The expected output is the first line of the data below and every line after it, up to and including the line containing "Light gray YOLO-Chicago", each reproduced exactly.
─── DATASET
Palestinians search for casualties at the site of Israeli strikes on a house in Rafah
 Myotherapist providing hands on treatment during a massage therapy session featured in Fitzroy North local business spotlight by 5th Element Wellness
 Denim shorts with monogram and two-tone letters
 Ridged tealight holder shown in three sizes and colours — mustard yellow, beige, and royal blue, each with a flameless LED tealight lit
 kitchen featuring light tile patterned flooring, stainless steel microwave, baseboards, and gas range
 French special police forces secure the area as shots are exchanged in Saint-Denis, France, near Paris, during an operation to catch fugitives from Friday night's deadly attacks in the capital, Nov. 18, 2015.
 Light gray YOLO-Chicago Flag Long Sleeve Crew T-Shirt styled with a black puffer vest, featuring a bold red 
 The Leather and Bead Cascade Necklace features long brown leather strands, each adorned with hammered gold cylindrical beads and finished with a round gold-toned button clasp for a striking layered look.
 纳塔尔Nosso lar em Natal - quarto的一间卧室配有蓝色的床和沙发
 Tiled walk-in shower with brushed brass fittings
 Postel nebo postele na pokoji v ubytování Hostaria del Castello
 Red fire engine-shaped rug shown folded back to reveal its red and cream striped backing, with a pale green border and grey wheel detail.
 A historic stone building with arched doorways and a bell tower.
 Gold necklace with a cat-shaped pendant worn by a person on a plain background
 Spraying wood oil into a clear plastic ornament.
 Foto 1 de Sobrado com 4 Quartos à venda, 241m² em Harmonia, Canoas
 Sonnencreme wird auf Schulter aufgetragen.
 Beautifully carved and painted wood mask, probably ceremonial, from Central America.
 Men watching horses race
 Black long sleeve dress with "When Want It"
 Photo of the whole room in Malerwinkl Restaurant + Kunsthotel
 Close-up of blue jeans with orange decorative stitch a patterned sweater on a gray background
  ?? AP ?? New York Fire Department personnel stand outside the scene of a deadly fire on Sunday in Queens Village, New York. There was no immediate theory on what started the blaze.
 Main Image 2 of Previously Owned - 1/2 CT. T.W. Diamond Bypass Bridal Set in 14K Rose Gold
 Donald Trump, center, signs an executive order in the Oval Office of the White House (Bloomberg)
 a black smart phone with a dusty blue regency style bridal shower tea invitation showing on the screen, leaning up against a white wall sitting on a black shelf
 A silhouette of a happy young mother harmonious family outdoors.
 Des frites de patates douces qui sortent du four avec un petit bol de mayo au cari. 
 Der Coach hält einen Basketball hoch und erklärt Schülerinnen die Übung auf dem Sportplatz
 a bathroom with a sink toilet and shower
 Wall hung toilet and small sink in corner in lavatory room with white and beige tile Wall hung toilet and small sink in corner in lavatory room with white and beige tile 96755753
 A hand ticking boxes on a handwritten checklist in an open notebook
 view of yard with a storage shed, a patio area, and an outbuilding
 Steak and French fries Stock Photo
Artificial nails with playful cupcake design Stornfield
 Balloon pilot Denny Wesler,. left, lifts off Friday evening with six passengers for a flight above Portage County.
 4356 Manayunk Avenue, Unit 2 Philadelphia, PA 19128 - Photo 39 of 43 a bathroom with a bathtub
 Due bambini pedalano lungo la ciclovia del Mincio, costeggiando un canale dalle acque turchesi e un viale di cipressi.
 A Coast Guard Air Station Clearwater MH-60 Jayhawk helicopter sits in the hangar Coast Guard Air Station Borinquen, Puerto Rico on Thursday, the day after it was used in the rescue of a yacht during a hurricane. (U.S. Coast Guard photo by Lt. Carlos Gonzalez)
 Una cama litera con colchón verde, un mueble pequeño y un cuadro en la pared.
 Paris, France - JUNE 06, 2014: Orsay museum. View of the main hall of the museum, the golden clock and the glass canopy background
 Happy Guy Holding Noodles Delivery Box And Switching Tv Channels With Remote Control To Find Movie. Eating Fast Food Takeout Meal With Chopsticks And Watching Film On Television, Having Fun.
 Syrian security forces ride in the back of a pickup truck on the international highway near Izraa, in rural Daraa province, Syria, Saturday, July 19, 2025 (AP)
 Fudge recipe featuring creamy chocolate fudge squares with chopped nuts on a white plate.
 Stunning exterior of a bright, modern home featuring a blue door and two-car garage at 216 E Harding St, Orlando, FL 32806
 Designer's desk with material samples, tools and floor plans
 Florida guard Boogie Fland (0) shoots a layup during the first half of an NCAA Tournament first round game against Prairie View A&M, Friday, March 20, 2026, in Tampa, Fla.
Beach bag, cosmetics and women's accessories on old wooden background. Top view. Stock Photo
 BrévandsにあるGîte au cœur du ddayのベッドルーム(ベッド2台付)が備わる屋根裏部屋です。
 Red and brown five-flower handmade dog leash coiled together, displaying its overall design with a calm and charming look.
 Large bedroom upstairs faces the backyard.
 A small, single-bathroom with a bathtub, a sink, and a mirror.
──────
**OUTPUT BELOW:**
Palestinians search for casualties at the site of Israeli strikes on a house in Rafah
 Myotherapist providing hands on treatment during a massage therapy session featured in Fitzroy North local business spotlight by 5th Element Wellness
 Denim shorts with monogram and two-tone letters
 Ridged tealight holder shown in three sizes and colours — mustard yellow, beige, and royal blue, each with a flameless LED tealight lit
 kitchen featuring light tile patterned flooring, stainless steel microwave, baseboards, and gas range
 French special police forces secure the area as shots are exchanged in Saint-Denis, France, near Paris, during an operation to catch fugitives from Friday night's deadly attacks in the capital, Nov. 18, 2015.
 Light gray YOLO-Chicago Flag Long Sleeve Crew T-Shirt styled with a black puffer vest, featuring a bold red 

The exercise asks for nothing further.